Authors’ Contributions
X.X.: Conceptualization, methodology, data curation and analysis, writing—original draft, and visualization. H.Y.: Methodology, data curation and analysis, validation, and writing—review and editing. S.Z.: Conceptualization, methodology, validation, writing—review and editing, supervision, and project administration. All authors have read and approved the published version of the article.
Footnotes
Data Availability
All transcriptomic and genomic datasets analyzed in this study are publicly available. The scRNA-seq data can be accessed via the GEO database under the accession number GSE155109. GWAS summary statistics are available from the GWAS Catalog. Derived data supporting the findings are available from the corresponding author upon reasonable request.
Consent to Publish
All authors reviewed and approved the final article.
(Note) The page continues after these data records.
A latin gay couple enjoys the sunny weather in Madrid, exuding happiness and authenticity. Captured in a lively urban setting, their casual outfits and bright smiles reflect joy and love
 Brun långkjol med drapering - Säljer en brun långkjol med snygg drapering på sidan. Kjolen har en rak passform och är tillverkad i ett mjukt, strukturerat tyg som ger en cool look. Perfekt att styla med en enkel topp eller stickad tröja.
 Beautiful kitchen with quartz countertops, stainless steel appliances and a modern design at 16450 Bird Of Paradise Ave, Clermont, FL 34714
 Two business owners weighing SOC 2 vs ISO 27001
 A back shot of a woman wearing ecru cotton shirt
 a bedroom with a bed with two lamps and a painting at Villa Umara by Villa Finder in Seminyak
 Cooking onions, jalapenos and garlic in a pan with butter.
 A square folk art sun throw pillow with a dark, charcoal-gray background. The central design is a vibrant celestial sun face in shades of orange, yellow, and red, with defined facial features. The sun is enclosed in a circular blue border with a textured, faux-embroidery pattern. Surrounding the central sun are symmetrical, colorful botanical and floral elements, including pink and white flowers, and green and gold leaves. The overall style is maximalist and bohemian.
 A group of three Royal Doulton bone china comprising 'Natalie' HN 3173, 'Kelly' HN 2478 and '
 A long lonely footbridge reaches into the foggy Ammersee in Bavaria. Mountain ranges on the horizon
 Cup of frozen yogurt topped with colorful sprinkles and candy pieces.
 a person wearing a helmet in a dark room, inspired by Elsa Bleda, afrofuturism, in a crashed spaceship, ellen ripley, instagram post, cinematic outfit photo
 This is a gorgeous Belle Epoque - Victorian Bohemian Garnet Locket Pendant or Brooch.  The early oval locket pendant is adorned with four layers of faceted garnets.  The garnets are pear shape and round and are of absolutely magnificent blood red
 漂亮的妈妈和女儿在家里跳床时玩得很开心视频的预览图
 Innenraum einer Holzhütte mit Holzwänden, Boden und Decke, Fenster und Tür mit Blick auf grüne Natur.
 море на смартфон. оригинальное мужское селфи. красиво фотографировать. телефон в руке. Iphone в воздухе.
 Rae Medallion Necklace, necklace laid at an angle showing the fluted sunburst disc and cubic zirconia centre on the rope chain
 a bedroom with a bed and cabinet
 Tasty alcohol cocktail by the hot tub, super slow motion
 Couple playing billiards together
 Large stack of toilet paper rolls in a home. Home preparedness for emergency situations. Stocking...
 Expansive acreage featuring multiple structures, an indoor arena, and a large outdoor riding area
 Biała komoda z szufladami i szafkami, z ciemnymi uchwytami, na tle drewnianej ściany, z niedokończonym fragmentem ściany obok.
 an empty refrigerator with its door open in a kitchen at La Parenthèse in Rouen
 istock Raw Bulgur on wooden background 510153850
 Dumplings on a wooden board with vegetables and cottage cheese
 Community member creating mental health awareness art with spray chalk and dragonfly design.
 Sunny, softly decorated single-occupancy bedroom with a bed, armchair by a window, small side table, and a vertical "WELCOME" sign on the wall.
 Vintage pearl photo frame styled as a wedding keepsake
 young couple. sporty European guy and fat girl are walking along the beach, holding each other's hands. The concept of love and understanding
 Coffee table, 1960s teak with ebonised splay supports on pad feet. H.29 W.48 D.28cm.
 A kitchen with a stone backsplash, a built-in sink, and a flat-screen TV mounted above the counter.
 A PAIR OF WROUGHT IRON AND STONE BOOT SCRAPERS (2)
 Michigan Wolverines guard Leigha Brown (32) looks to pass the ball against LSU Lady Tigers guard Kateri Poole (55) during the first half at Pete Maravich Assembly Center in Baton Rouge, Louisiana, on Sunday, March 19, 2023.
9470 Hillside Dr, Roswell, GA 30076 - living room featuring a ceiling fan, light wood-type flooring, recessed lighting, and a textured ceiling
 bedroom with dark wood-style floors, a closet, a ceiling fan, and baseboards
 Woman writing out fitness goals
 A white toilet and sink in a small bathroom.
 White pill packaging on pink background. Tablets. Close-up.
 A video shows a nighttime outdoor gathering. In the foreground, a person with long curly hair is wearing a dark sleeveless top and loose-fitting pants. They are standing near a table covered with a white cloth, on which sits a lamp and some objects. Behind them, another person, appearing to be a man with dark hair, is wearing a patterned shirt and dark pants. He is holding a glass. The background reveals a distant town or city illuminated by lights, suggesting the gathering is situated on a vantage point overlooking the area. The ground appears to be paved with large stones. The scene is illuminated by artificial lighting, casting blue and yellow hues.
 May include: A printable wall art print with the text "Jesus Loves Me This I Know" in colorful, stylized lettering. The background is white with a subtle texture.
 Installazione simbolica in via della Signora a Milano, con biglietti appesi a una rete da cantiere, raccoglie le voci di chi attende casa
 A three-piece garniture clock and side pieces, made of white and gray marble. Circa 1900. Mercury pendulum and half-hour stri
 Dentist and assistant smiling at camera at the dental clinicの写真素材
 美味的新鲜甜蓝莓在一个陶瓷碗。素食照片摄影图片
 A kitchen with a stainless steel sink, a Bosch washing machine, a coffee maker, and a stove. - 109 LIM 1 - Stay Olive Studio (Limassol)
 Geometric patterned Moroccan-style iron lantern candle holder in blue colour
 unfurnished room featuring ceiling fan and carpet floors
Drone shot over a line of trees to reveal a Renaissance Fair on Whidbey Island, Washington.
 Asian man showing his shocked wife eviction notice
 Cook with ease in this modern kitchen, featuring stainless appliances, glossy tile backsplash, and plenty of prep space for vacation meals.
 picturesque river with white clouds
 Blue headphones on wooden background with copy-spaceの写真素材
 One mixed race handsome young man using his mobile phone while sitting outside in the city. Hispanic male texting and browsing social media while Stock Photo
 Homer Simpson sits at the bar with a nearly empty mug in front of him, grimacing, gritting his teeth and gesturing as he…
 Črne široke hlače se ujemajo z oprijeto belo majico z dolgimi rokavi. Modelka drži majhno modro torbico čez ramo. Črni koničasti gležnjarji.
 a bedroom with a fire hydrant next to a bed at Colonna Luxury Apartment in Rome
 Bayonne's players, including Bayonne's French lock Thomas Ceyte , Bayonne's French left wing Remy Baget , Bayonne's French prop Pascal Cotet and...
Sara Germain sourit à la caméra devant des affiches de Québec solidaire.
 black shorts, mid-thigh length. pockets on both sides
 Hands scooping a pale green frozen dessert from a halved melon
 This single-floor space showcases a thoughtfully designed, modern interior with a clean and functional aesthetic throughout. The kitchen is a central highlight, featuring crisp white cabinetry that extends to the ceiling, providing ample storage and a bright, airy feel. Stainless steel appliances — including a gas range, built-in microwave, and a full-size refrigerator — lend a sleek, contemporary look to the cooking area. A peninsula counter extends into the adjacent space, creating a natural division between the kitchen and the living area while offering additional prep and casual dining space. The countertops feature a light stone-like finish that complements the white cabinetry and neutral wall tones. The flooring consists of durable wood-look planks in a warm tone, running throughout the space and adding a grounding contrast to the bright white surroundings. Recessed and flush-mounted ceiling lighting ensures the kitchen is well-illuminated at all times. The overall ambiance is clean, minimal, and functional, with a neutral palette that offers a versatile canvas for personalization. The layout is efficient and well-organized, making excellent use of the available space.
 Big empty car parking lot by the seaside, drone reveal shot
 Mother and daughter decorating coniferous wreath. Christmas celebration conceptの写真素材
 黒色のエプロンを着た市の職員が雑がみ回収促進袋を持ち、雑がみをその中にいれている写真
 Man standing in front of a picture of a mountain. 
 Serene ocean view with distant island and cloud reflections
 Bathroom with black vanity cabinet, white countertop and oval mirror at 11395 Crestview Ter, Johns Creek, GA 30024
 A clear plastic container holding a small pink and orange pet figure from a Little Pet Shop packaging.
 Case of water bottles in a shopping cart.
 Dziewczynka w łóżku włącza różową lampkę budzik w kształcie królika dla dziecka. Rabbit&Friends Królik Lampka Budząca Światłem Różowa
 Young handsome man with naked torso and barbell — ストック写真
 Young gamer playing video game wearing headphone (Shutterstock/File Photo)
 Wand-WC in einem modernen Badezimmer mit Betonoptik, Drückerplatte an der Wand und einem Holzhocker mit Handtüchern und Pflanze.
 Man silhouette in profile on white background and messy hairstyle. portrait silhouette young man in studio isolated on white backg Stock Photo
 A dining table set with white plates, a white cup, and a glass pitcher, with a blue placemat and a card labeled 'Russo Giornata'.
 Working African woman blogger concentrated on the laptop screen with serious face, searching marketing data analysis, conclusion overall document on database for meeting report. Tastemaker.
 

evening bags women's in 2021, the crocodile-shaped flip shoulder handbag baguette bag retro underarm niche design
Ethics Approval and Consent to Participate
This study is a secondary analysis of publicly available, de-identified datasets (including GEO dataset GSE155109 and GWAS summary statistics). No human participants were recruited, and no new clinical data or human tissue samples were collected by the authors. Therefore, ethical approval from an Institutional Review Board and informed consent from patients were not applicable and were waived.
Disclosure Statement
The authors declare no competing interests.
Funding Information
This research did not receive any specific grant from funding agencies in the public, commercial, or not-for-profit sectors. All computational analyses using open-access public datasets, as well as the in vitro cell line experiments, were performed by the authors without dedicated financial support.